The unsatisfying answer is that we do not know. It seems that nobody sold Bin Laden out—the government likes boasting about it when it happens, in part to encourage more people to turn criminals in for cash. But for the moment, the government is not saying whether it paid any informants.

Bin Laden sat at the top of the FBI’s most-wanted list, but it was not the FBI actually offering the reward. It was the State Department, through a special program, Rewards for Justice, that pays for information leading to the capture of terrorists. In Bin Laden’s case, the State Department pledged $25 million and the Airline Pilots Association and Air Transport Association added another $1 million each, offered to anyone who brought the government to Bin Laden.
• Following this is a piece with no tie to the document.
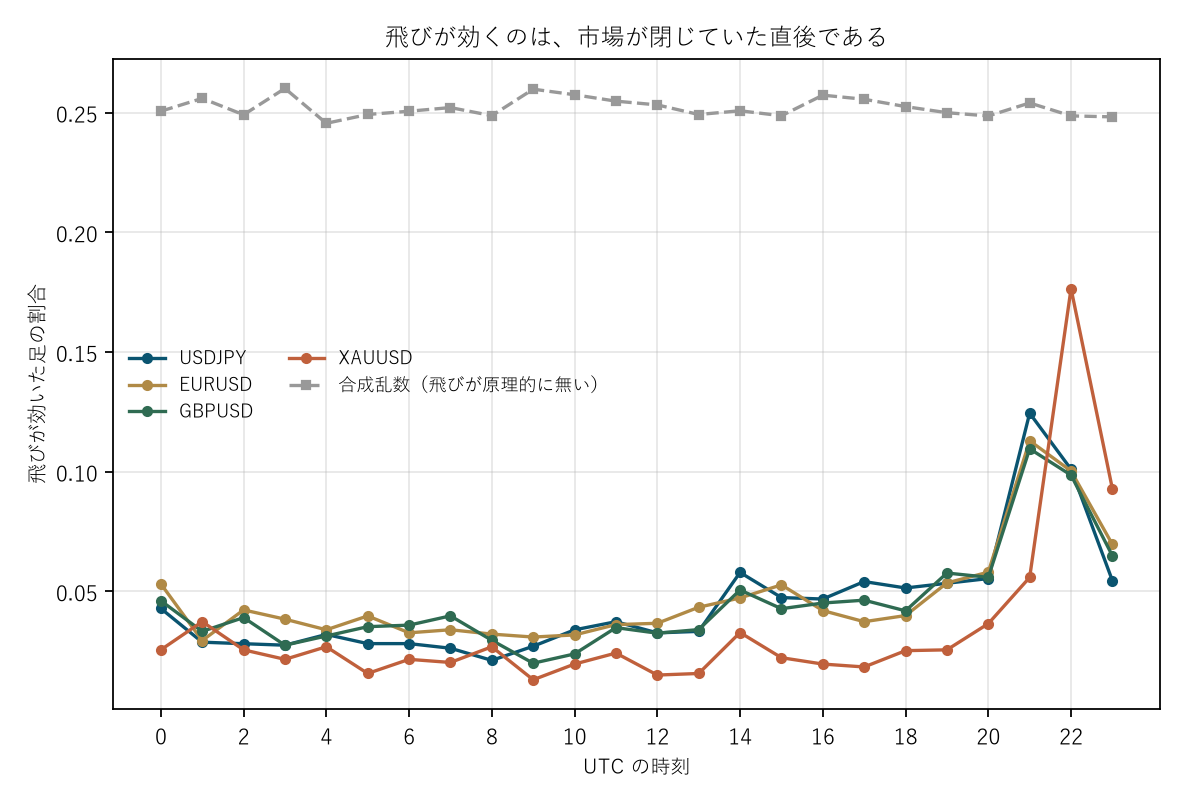 図1 飛びが効くのは、市場が閉じていた直後である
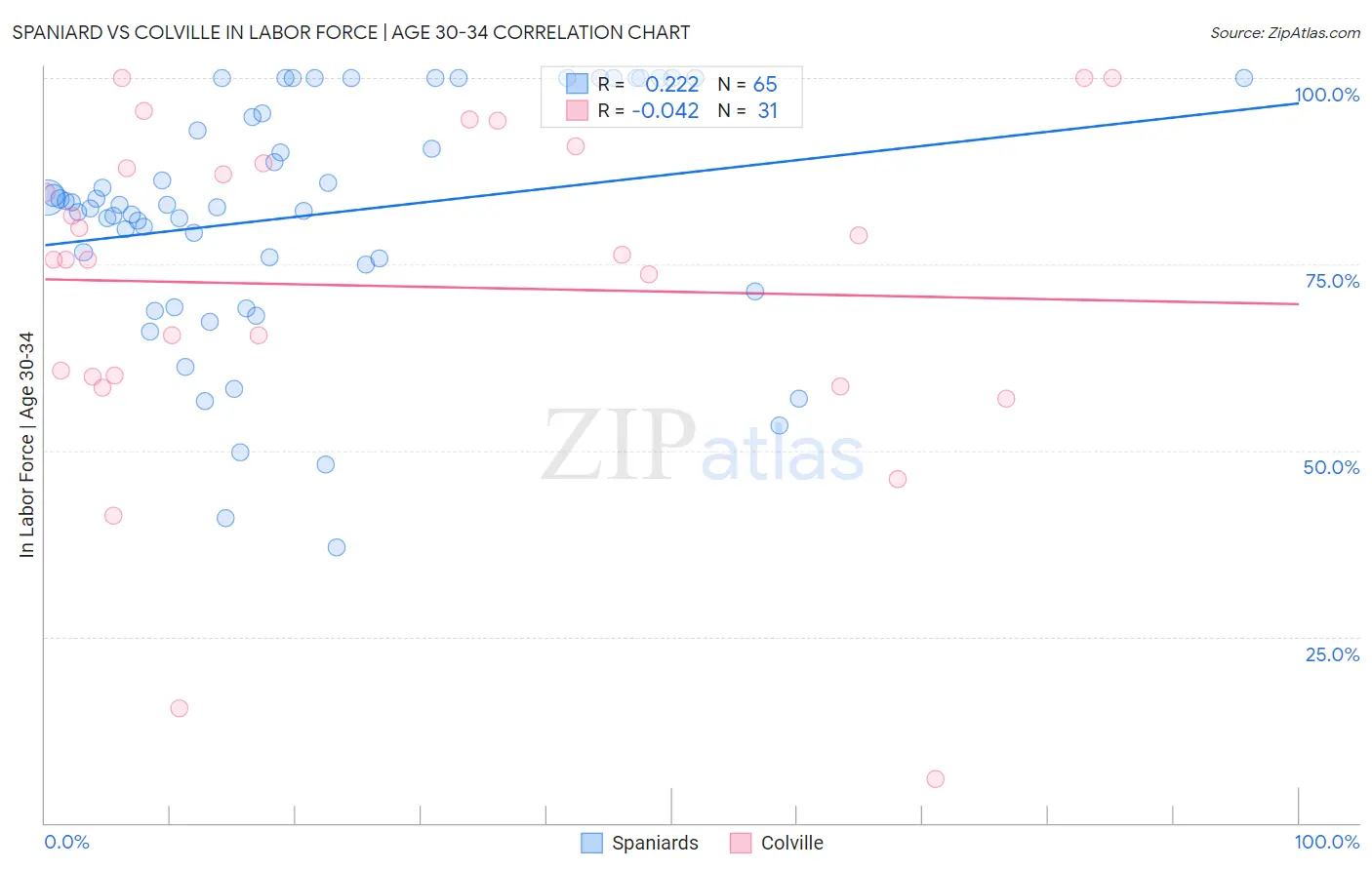 Spaniard vs Colville In Labor Force | Age 30-34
Rewards for Justice has a track record of gaining actionable intelligence with cash prizes. So far, it has paid out more than $100 million to 60 informants and been central to the capture of Odai and Qusai Hussein, Saddam’s sons; Ramzi Yousef, convicted of the 1993 World Trade Center bombing; and others. Foggy Bottom likes publicizing the program and describing the criminals nabbed with tips from the public. But it remains otherwise tight-lipped: Almost all details about Rewards for Justice stay classified, and we do not know the recipients of any of the disbursed funds.

Tanya Powell, a spokeswoman for the State Department, confirms that the reward is no longer available, since Bin Laden is dead. But she says that the department declines to say whether anyone received part or all of the cash, or might be still be under consideration for it, because of information they supplied leading to the Pakistan raid.

How do you get a Reward for Justice? First, a U.S. “investigating agency,” such as the Defense Department or the CIA, needs to nominate the tipster. (Employees of the government, whether civilian or military, are not eligible for the reward money.) Then, an Interagency Rewards Committee examines the nomination and gives it an OK. The secretary of state has final discretion over whether to make an award and also the amount given. Though the State Department advertised a $25 million reward for Bin Laden, the total could have ended up being much higher.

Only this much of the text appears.